5月5日(木曜日)にJoseが、
「Xalapaに女の子に会いに行って来る!」
と、出ていった。
2~3日は帰ってこないらしい。
正直助かった。
なんせ彼のイビキは爆裂にデカイ!
まったく眠らせてくれない。
それに、ブリーフ姿で枕に抱きつきながら眠る40代・男性の姿を見て、
「Oh~! キュート」
などと思える気持ちは持ち合わせてはいないからだ。
てことで、ここのBOSSである、LeónとCarlosに支持を仰ぎ働くことになった。
Leónは12歳の頃からずっと働いている。
今までいろんな仕事をしてきた結果、8年前からここに落ち着いたらしい。
5歳年下の奥さんGloriaと、3人の孫達と共に暮らしている。
めちゃくちゃ優しく面倒見もよく、ウィスキーとウォッカが好きなイカしたボスや。
Carlos(副ボス)は、子供がそのまま大人になったようなおっちゃんである。
いつも冗談ばかり言いながら踊り、果物ちぎってはつまみ食い。
たまにLeonから、
「また甘いもん食べて!」
と、怒られている。
そんな子供のような彼だが、この農場のヒットマンでもある。
畑を荒らす生き物や、命を脅かす蛇などは、彼が容赦なくぶち殺す。
Topoと呼ばれる前歯の長いネズミみたいな奴は、まずチャリの前輪でしばいて弱らせる。
その後、蹴りまくって弱ったところを尻尾つかんで持ち上げ、何度も何度も地面に叩きつけるのだ。
それで終わりかと思いきや、まだまだ序の口。
確実に死んでいるであろうTopoの頭に、数回石を投げつける。
そして、再び蹴りまくる。
なかなかエグい。
蛇にいたっては、スコップで一瞬のうちに首をちょんぎる。
まさに瞬殺!
この2人がここを仕切っているボスや。
そんなボス2人とDavid(無口なメキシコの大学生)と共に、人生初のlichi狩りにと繰り出した。
いい感じに熟れたlichiを一つ一つ丁寧にちぎる。
そして、手に持ったバケツに大胆に投げ入れる。
ちぎる時は丁寧なのに、入れる時はなんとも大胆。
これが原因で、いい感じのlichiの三割程度がNo sirve(役立たず)になる。
せっかく丁寧に前戯したのに、三こすり半でイッてしまうSEXのように、残念な結果に終わってしまうのだ。
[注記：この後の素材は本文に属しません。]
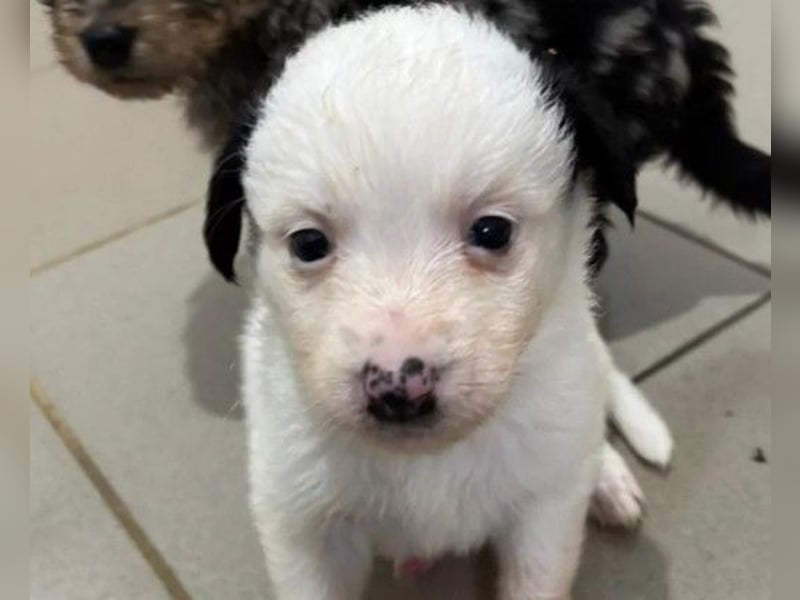 Mulan - zauberhafte Welpenmaus sucht ihre Herzensmenschen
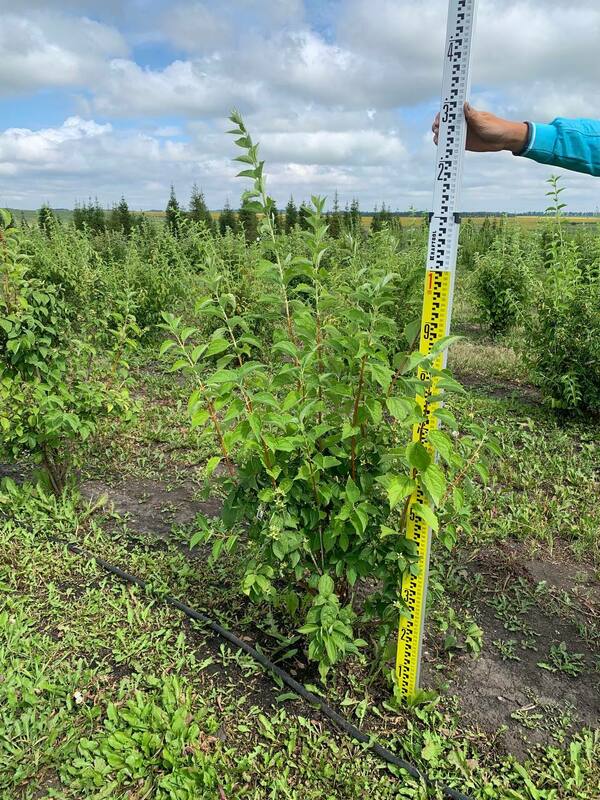 Чубушник венечный Очарование (Philadelphus coronarius 'Ocharovanie')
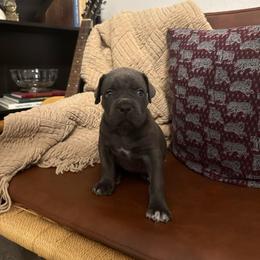 Stormi - Gray female Cane Corso puppy in Utah from 3Lake Kennelz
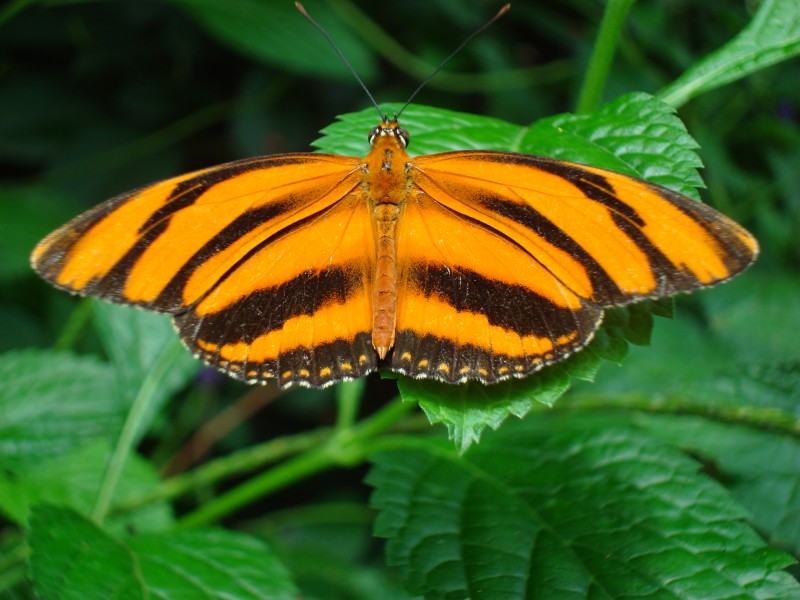 Banded Orange butterfly at Niagara Parks Butterfly Conservatory, 2010 A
そんな感じで、Leónに選別の仕方を教わりながら収穫していると、見知らぬオヤジと老けた若造がやってきた。
「こんにちわ! ハポネス。
Rubenのパパと弟のRogelioだよ」
(そうか、こいつらが呼んどいて未だ旅行から帰ってこないバカップルの生みの親と、似たような精子のカタマリか?)
そう思いながらにこやかに挨拶を交わす。
そして、バカ共に連れられて、お次はLichiのパック詰め作業に入る。
作業中、
「ハポ~ン! メヒコ~!」
と、テンション高く叫びながら、のろまなスピードで詰めるオヤジ。
きっとシャブでも喰ってるんやろう。
そういえば、親子ともども若干瞳孔が開いている気がする。
ハタチの頃に働いていた現場に時折いた、シャブ中のオヤジたちと同じ目をしている。
そんなシャブ中どもは、かるくあしらいながら、1パックに対して680g分のlichiを詰める。
詰め込まれた商品は、カナダの大型スーパーで売られるそうだ。
ここで気になるのが値段。
大阪のスーパーで、ライチが売ってるとこなんて見たことないから、しょうみ気になって仕方がない。
だから、オヤジに聞いてみた。
すると、返ってきた答えは、
「わからない」
だった。
あゝ、この人は阿呆タレなんだ。
そう思っただけで、会話はすぐに終了した。
だが、阿呆は1人だけではなかった。
31歳の弟は、どうやら今回初めて作業に参加したらしく、
「パパ、どれがいいlichiなの?」
「ん? ロヘリオ。これがいいlichiだよ。
1つ食べてごらん」
パクッ。
「まいう~」
バカや。
文句なしに。
そんなバカさをいち早く察していたのか、Davidから聞いて知っていたのか、8日にデートから帰ってきたあと、家族の誰とも会わずに翌日にJoseは出ていった。
そして、まだRubenとLauraは帰ってこない。